Каждому человеку должно быть хорошо и радостно…

В повести «Один на дороге» так не получилось, не могло получиться.

Сложные размышления – как разминировать бактериологическую лабораторию, спрятанную фашистами в подвале разрушенного дома, как сохранить нечаянно найденную любовь, как уберечь друзей и близких от всевозможных непредсказуемых несчастий – приводят к нелегкому перелому в душе героя. Как в мире все связано? Почему именно так, а не иначе? «Вот, например, никто не создавал траву, она – продукт эволюции. Но в дальнейшем развитии природы она стала выполнять определенную функцию, хотя бы – служить пищей для травоядных животных, предположим, для коровы; трава, условно говоря, стала одной из причин, сделавших возможным возникновение этой коровы. Корова или, по крайней мере, ее дикие предки тоже никем не были созданы, а явились продуктом эволюции; тем не менее с появлением человека – вы, конечно, понимаете, я схематизирую, – с появлением человека и у нее возникла своя функция: снабжать человека молоком, мясом, кожей… Можно ли утверждать, что и у человека, точно так же никем не сотворенного, нет своей подобной функции?»

«В редакции „Дадзиса“, – вспоминал Владимир Дмитриевич, – был еще один, кроме меня, серьезный любитель фантастической литературы.

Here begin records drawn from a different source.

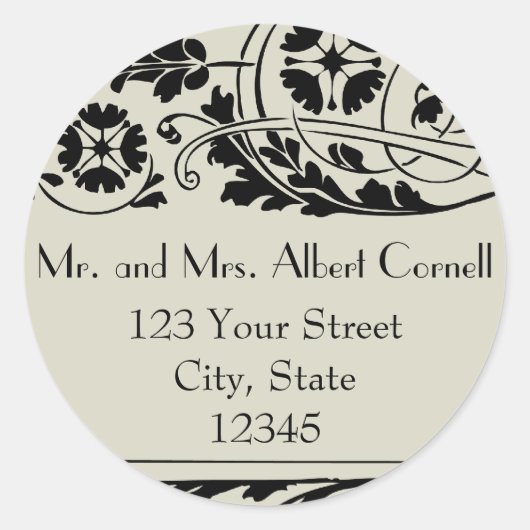 新しい差出人住所封筒用シール ラウンドシール (正面)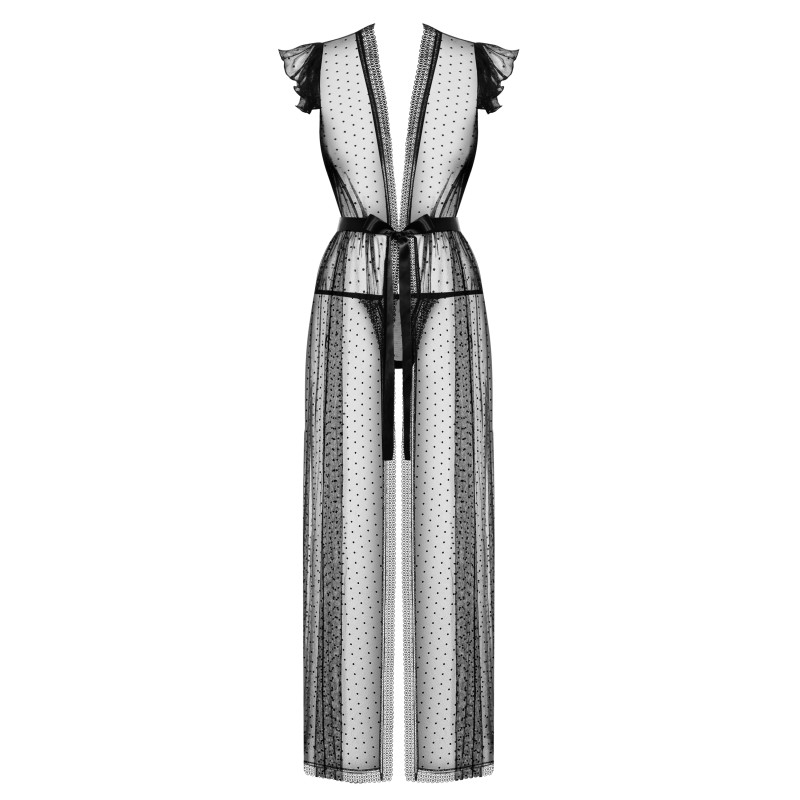 Пеньюар Obsessive 876-PEI-1 Черный S/M Пеньюар Obsessive 876-PEI-1 Черный S/M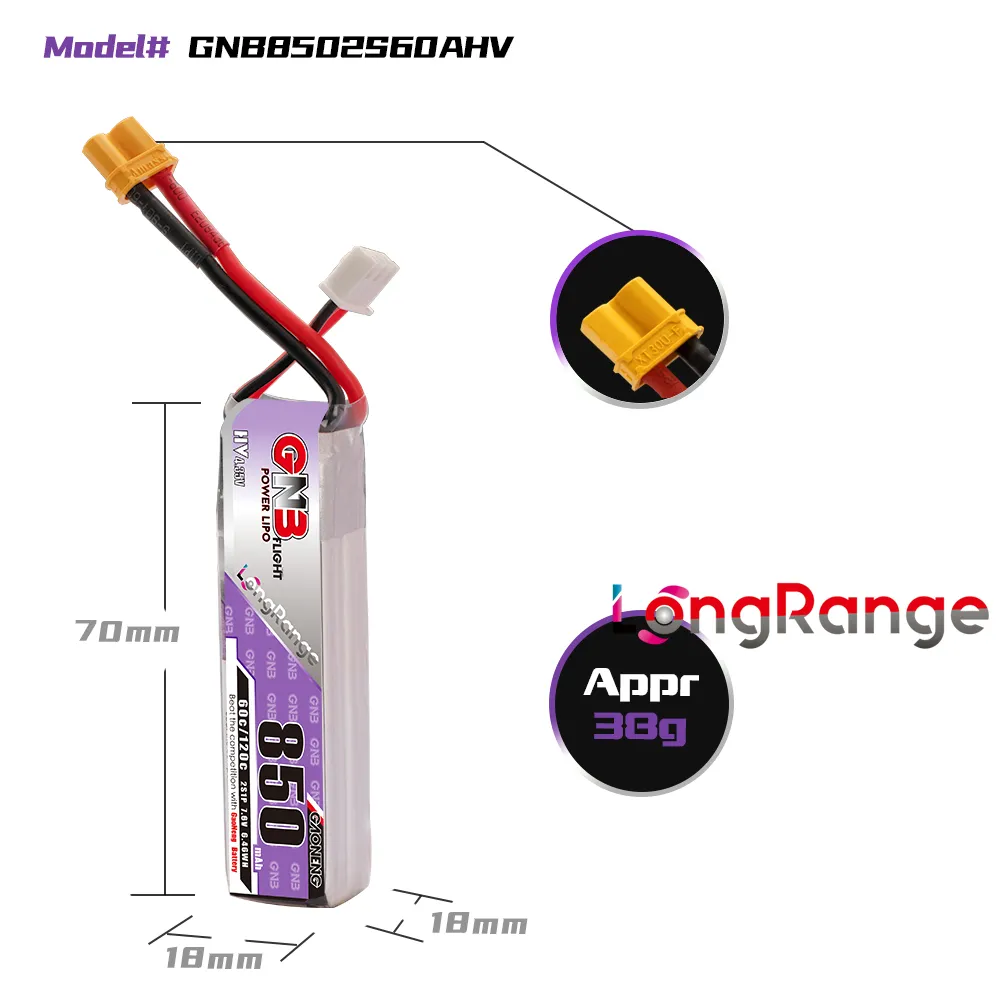ガオネン GNB リポバッテリー 850mAh 2S 7.6 - Drone Rc Link のレビューと価格
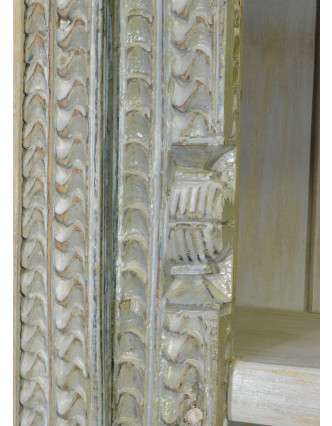 Knihovna z antik teakového dřeva, ruční řezby, 109x43x213cm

Он никогда не пытался писать фантастику, но был страстным читателем и строгим ценителем. Мы с ним постоянно разговаривали о фантастике – как и о современной физике и астрономии. Без этих разговоров я вряд ли набрался бы храбрости, чтобы попробовать свои силы в этом жанре. Вообще, решусь сказать, латышам в массе не свойственно романтическое мышление, история учила их другому; может быть, именно поэтому в Латвии так и не возникло сколько-нибудь серьезной национальной фантастики. Но этот мой друг и не был латышом, его звали Исаак Лившиц, в редакции он был Айк. Позже он стал прообразом одного из героев единственного моей нефантастической повести „Один на дороге“. Снимаю шляпу перед его памятью.